Local photography teacher and lecturer Matthew Christopher specializes in recording for posterity abandoned buildings of all sorts – factories, power stations, hospitals, insane asylums, hotels and yes, churches.

It’s part vocation and part avocation. Some of his work was exhibited at Philadelphia’s American Catholic Historical Society on Oct. 29 and he will have a reception at St. Joseph’s University on Nov. 21.

(See Christopher’s work on his website here.)

When great buildings outlast their original purpose, there are three options – repurpose them, tear them down or let them sit in slow decay until inevitably they must be demolished. It is this last category that most attracts Christopher.

“First, I would like to work toward a discussion for saving these buildings,” Christopher said. “They say it cannot be done and I say, ‘Why not?’ There are absolutely ways we can be reusing historically significant buildings and we are not looking at them.”

Secondly, he said, “If we are going to lose these buildings we should document them. A lot of people think of documentation as historical photographs. The period when the building is not being used is part of its history too, and part of the community history as well.”

Christopher was working in the mental health field when he first got the bug for photographing abandoned buildings. His first foray into the field was a night of exploring the buildings and tunnels of the huge complex of buildings and tunnels at Philadelphia State Hospital at Byberry, which have since been razed.
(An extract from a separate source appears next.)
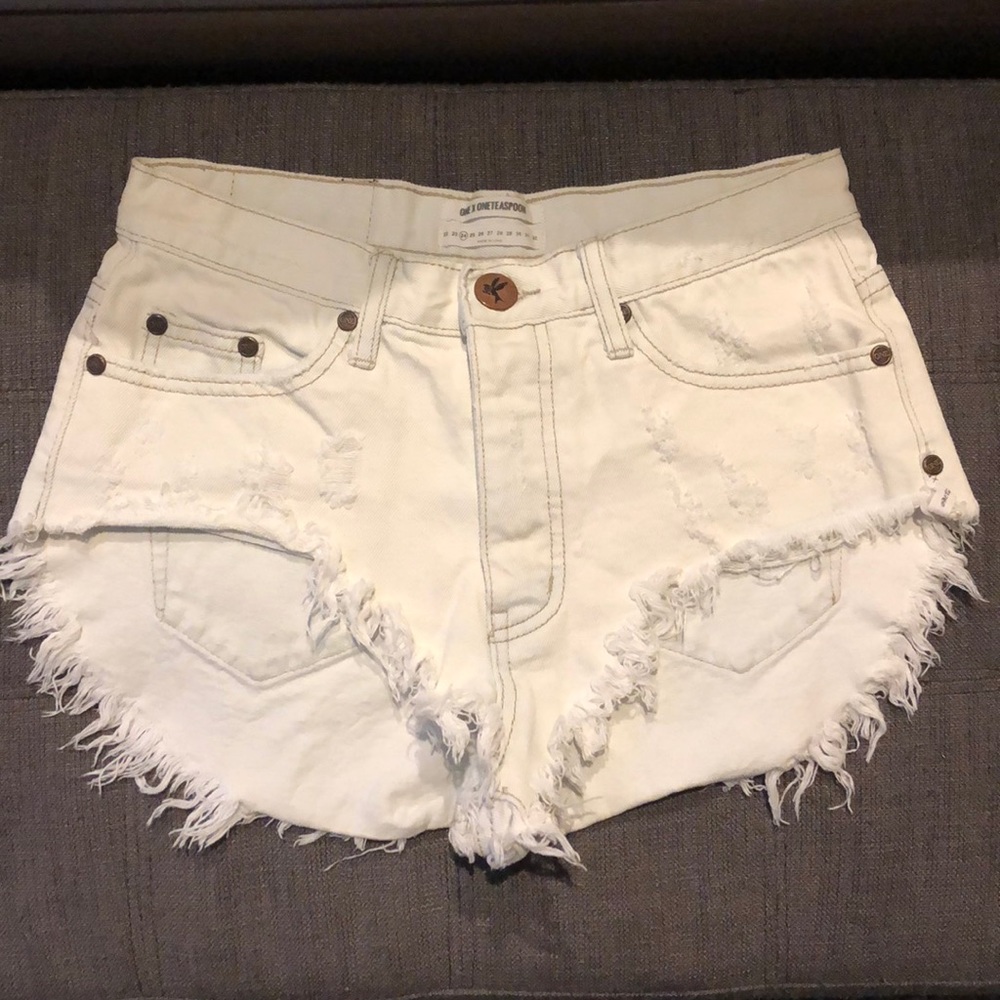 One Teaspoon Rollers Shorts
“Churches are the only buildings meant to be works of art with form taking precedence over function,” he said. “They are meant to inspire and speak of things that are greater than you.”

One thing that struck him at Byberry and other mental health facilities he has documented was the beauty of the buildings. “You can see they really cared about the patients when they were built,” he said.

Since then, he has documented the interiors of many abandoned factories, schools and resort hotels all over the country. One example is the Packard automobile complex in Detroit, which is reportedly the largest abandoned industrial site in North America. Another example is the federal government’s airplane graveyard in Arizona for thousands of obsolete aircraft.

But when it comes to the abandoned factories, Christopher believes the issue is tied to the outsourcing of labor to other countries with the use of child labor and unsafe working conditions.

“This is a huge discussion and the worst thing we can do is not have it,” he said.

Churches are a special category and present a special challenge, he believes. Local closed Catholic churches he visited were Transfiguration, Assumption, and Most Blessed Sacrament, all of which were beautiful and cultural treasures.

“Churches are the only buildings meant to be works of art with form taking precedence over function,” he said. “They are meant to inspire and speak of things that are greater than you. The loss of them is particularly painful.”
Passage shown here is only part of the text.